TASK PROMPT:
With the images removed, write out each record exactly as given.

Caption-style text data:

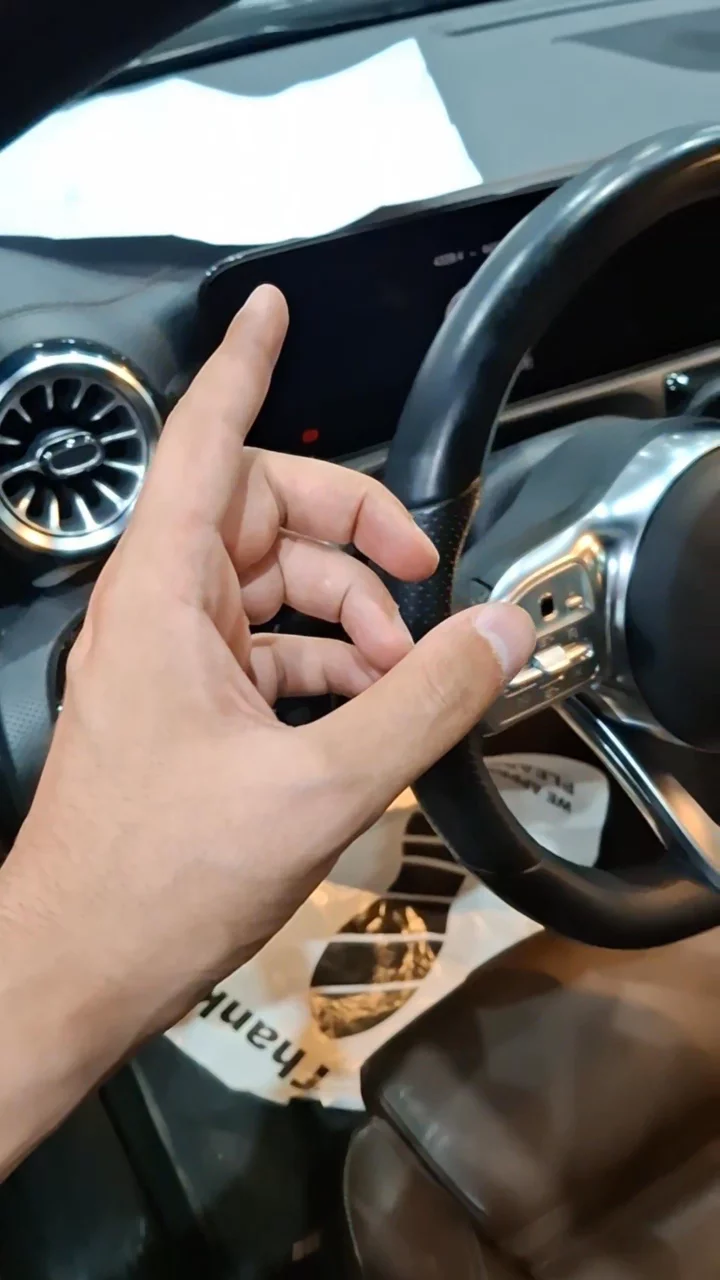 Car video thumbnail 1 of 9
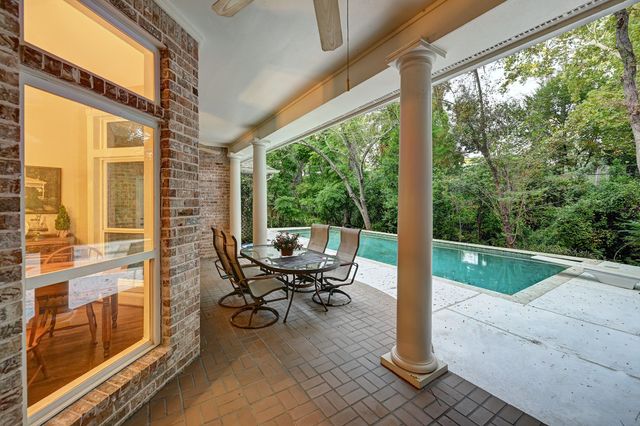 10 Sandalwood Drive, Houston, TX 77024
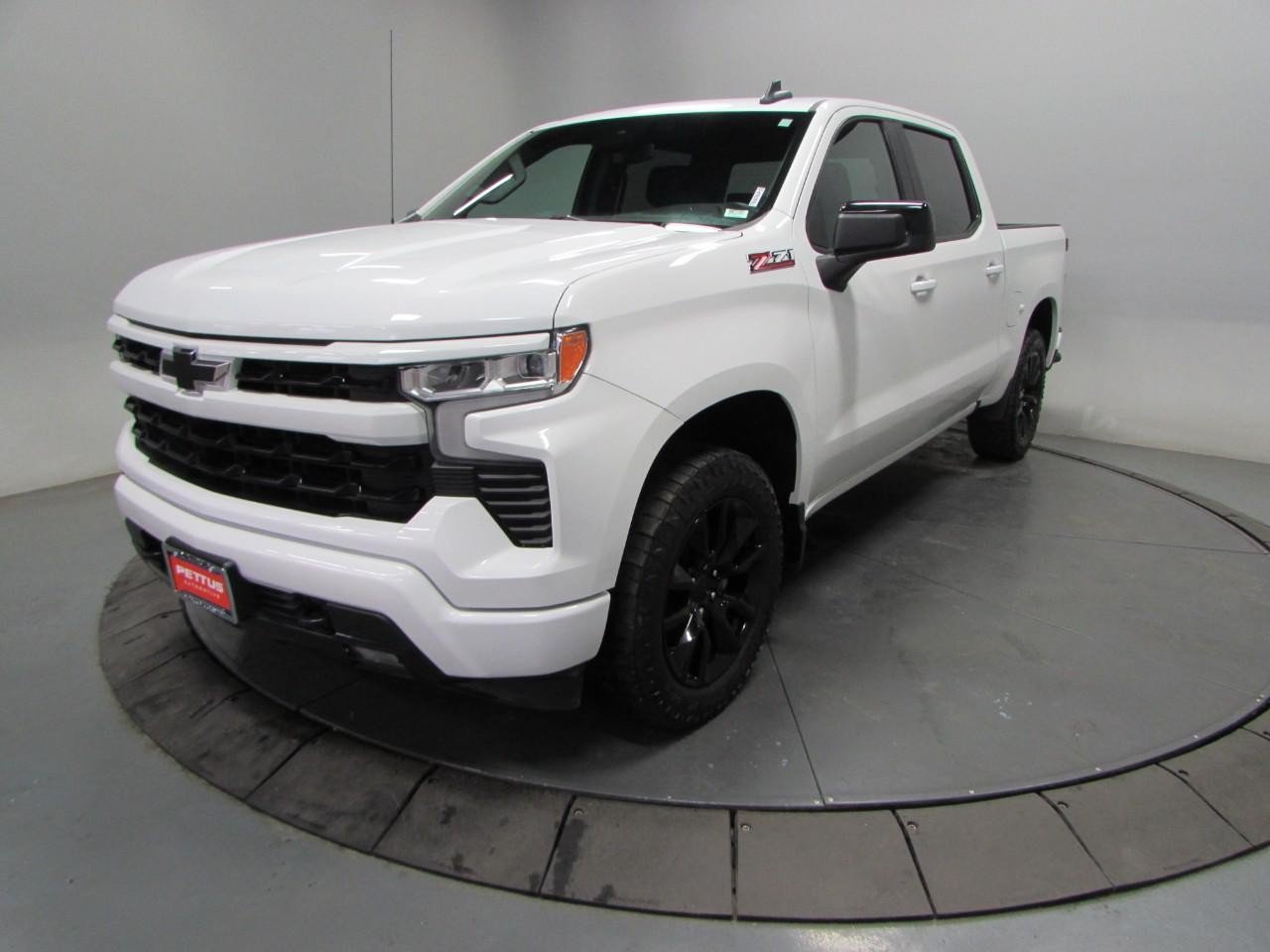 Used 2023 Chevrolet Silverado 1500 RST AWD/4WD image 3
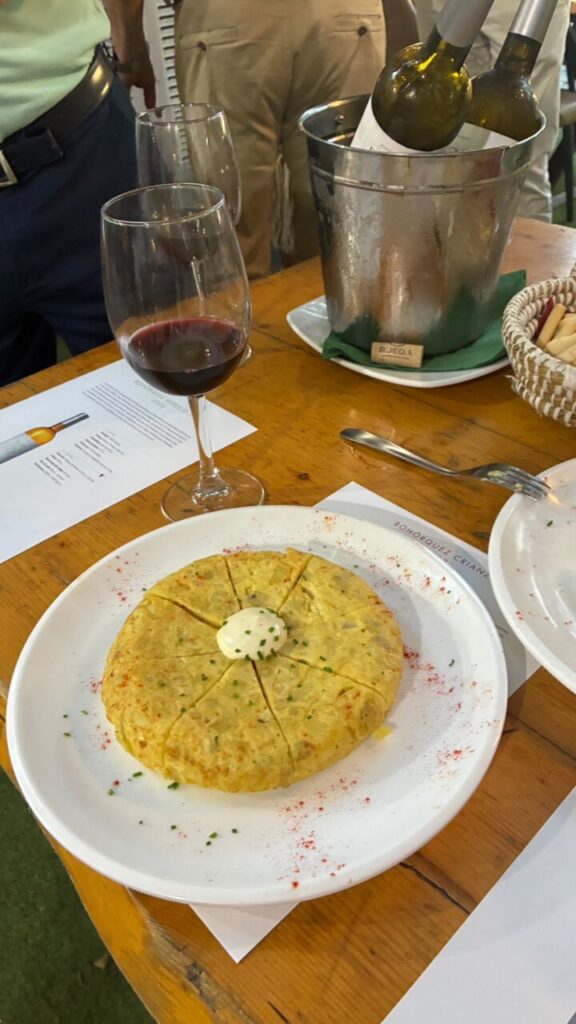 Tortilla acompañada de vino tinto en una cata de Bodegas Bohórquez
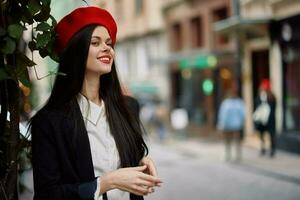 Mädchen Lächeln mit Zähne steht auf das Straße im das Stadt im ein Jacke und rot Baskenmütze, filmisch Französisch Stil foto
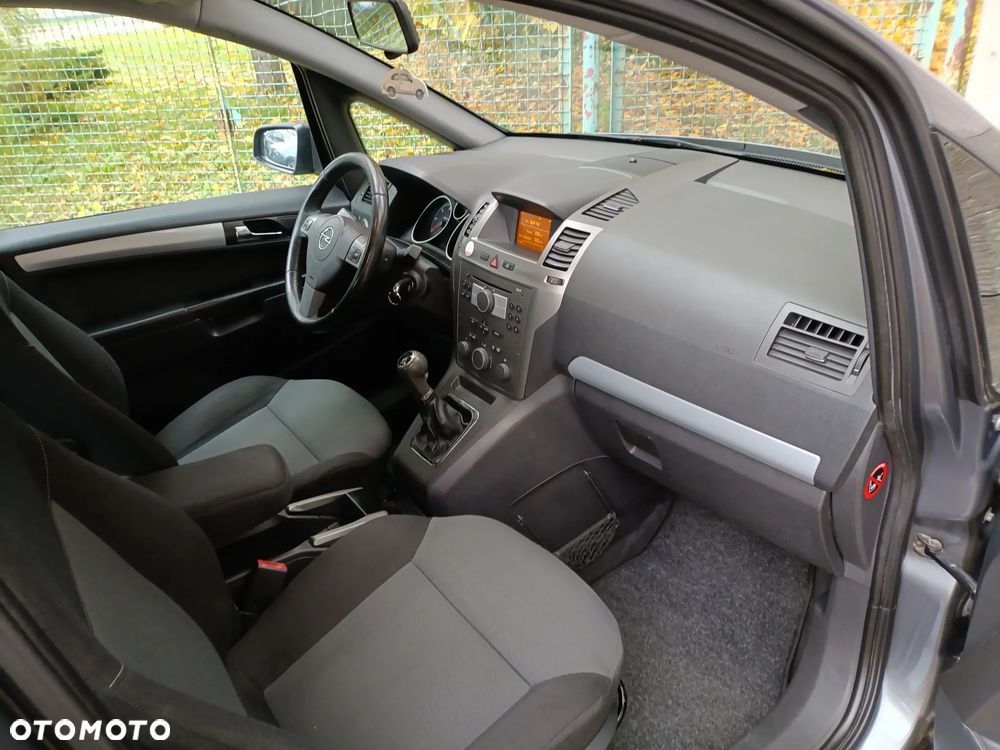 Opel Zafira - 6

ANSWER TO THE EXERCISE:
 Car video thumbnail 1 of 9
 10 Sandalwood Drive, Houston, TX 77024
 Used 2023 Chevrolet Silverado 1500 RST AWD/4WD image 3
 Tortilla acompañada de vino tinto en una cata de Bodegas Bohórquez
 Mädchen Lächeln mit Zähne steht auf das Straße im das Stadt im ein Jacke und rot Baskenmütze, filmisch Französisch Stil foto
 Opel Zafira - 6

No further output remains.